• [WHAT TO DO] With all images left out, restate the records below exactly as written.

• [RECORDS SHOWN]
Start of Block

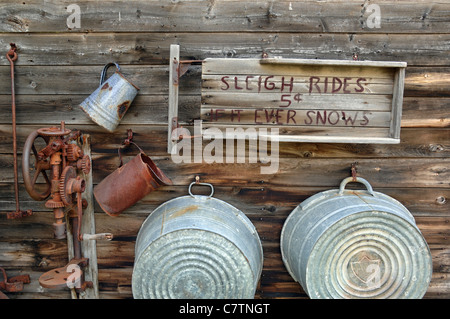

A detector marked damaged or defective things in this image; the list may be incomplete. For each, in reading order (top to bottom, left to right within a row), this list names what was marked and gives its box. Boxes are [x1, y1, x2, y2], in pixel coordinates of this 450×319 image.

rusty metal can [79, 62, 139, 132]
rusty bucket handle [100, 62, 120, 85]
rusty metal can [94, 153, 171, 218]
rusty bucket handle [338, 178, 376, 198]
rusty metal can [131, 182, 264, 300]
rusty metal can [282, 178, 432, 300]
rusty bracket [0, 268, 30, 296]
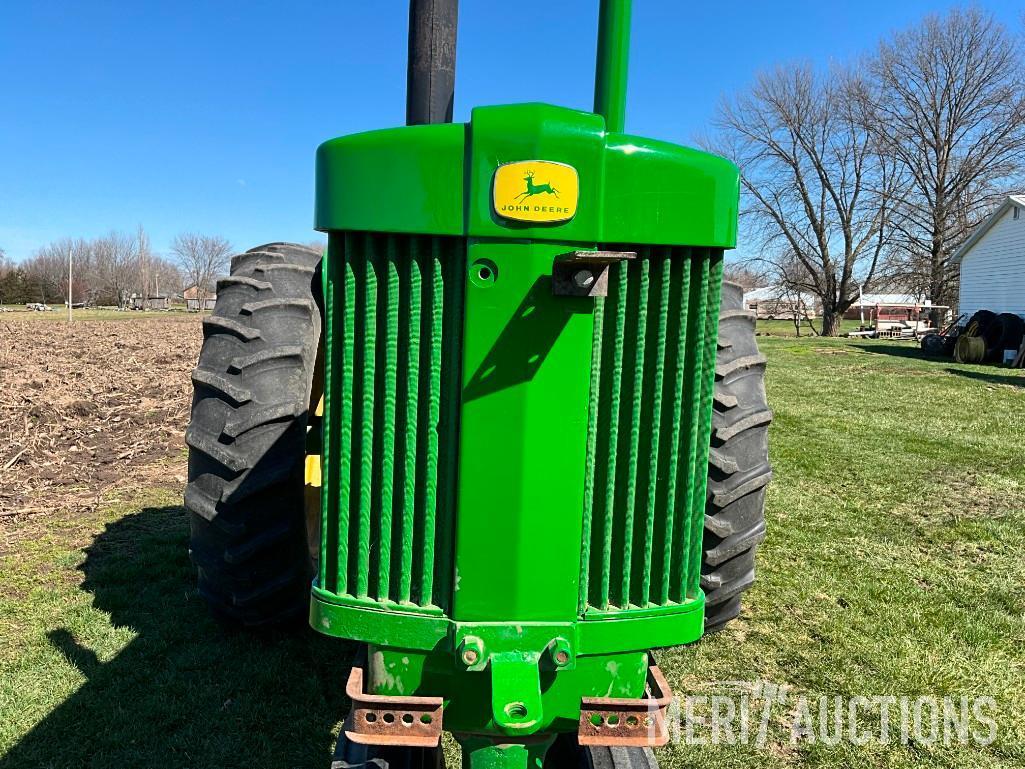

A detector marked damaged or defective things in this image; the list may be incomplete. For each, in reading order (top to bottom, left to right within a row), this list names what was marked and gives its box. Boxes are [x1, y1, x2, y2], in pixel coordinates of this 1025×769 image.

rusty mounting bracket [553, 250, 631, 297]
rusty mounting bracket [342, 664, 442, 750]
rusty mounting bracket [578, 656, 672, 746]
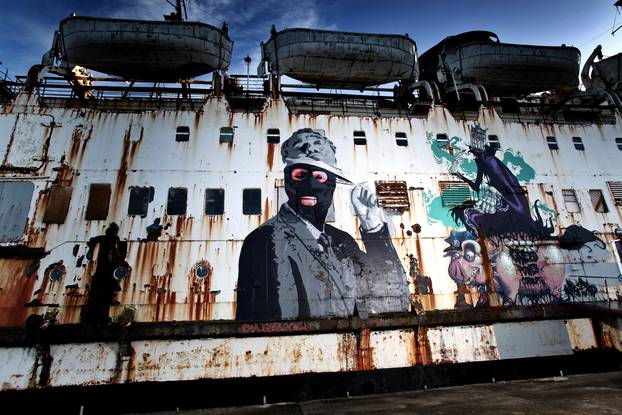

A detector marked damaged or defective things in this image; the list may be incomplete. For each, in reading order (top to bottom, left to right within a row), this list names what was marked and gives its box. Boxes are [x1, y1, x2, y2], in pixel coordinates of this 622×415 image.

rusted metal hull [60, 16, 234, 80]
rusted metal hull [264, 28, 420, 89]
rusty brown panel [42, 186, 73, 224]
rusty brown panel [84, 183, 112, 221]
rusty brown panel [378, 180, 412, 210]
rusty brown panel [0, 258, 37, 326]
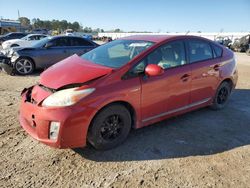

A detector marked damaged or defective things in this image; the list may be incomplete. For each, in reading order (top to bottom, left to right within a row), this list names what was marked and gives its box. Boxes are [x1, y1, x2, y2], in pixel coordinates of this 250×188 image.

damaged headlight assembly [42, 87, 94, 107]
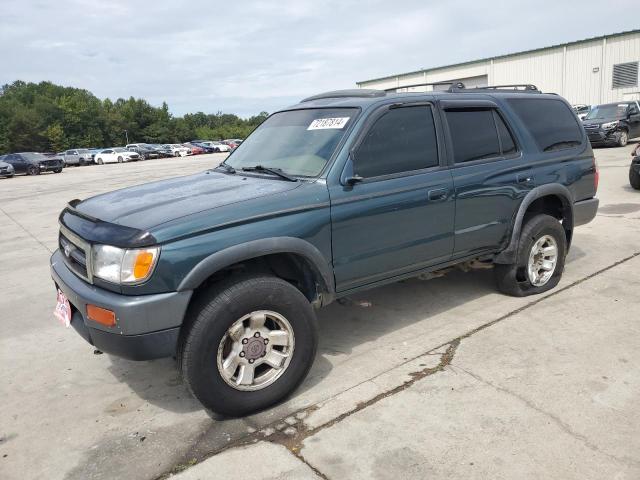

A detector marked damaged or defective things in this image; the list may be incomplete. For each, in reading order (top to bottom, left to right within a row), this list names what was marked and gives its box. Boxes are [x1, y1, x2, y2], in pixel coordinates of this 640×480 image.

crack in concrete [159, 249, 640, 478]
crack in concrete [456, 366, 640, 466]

End of Block

• [TASK ANSWER]
A detector marked damaged or defective things in this image; the list may be incomplete. For each, in reading order (top to bottom, left to right within a row), this list names what was marked and gives its box. Boxes are [x1, y1, x2, y2], in pixel coordinates of this 450×319 image.

rusty metal can [79, 62, 139, 132]
rusty bucket handle [100, 62, 120, 85]
rusty metal can [94, 153, 171, 218]
rusty bucket handle [338, 178, 376, 198]
rusty metal can [131, 182, 264, 300]
rusty metal can [282, 178, 432, 300]
rusty bracket [0, 268, 30, 296]

A detector marked damaged or defective things in this image; the list may be incomplete. For each, in reading order (top to bottom, left to right within a row), this list names what was marked and gives its box. Boxes are [x1, y1, x2, y2], in pixel coordinates of this 1025×769 image.

rusty mounting bracket [553, 250, 631, 297]
rusty mounting bracket [342, 664, 442, 750]
rusty mounting bracket [578, 656, 672, 746]

A detector marked damaged or defective things in this image; the list may be incomplete. For each, in reading order (top to bottom, left to right within a row), this list names what was marked and gives its box. Boxes are [x1, y1, x2, y2], in pixel coordinates of this 622×415 image.

rusted metal hull [60, 16, 234, 80]
rusted metal hull [264, 28, 420, 89]
rusty brown panel [42, 186, 73, 224]
rusty brown panel [84, 183, 112, 221]
rusty brown panel [378, 180, 412, 210]
rusty brown panel [0, 258, 37, 326]

A detector marked damaged or defective things in this image; the list may be incomplete. For each, in reading order (top to bottom, left to right within a row), this list names what was marked and gives its box. Boxes are [x1, y1, x2, y2], in pixel coordinates of this 250×188 image.

damaged headlight assembly [42, 87, 94, 107]

A detector marked damaged or defective things in this image; the list may be incomplete. For each, in reading order (top to bottom, left to right within a row), this list names what was marked and gives its box. Boxes are [x1, y1, x2, y2], in pixel coordinates of this 640×480 image.

crack in concrete [159, 249, 640, 478]
crack in concrete [456, 366, 640, 466]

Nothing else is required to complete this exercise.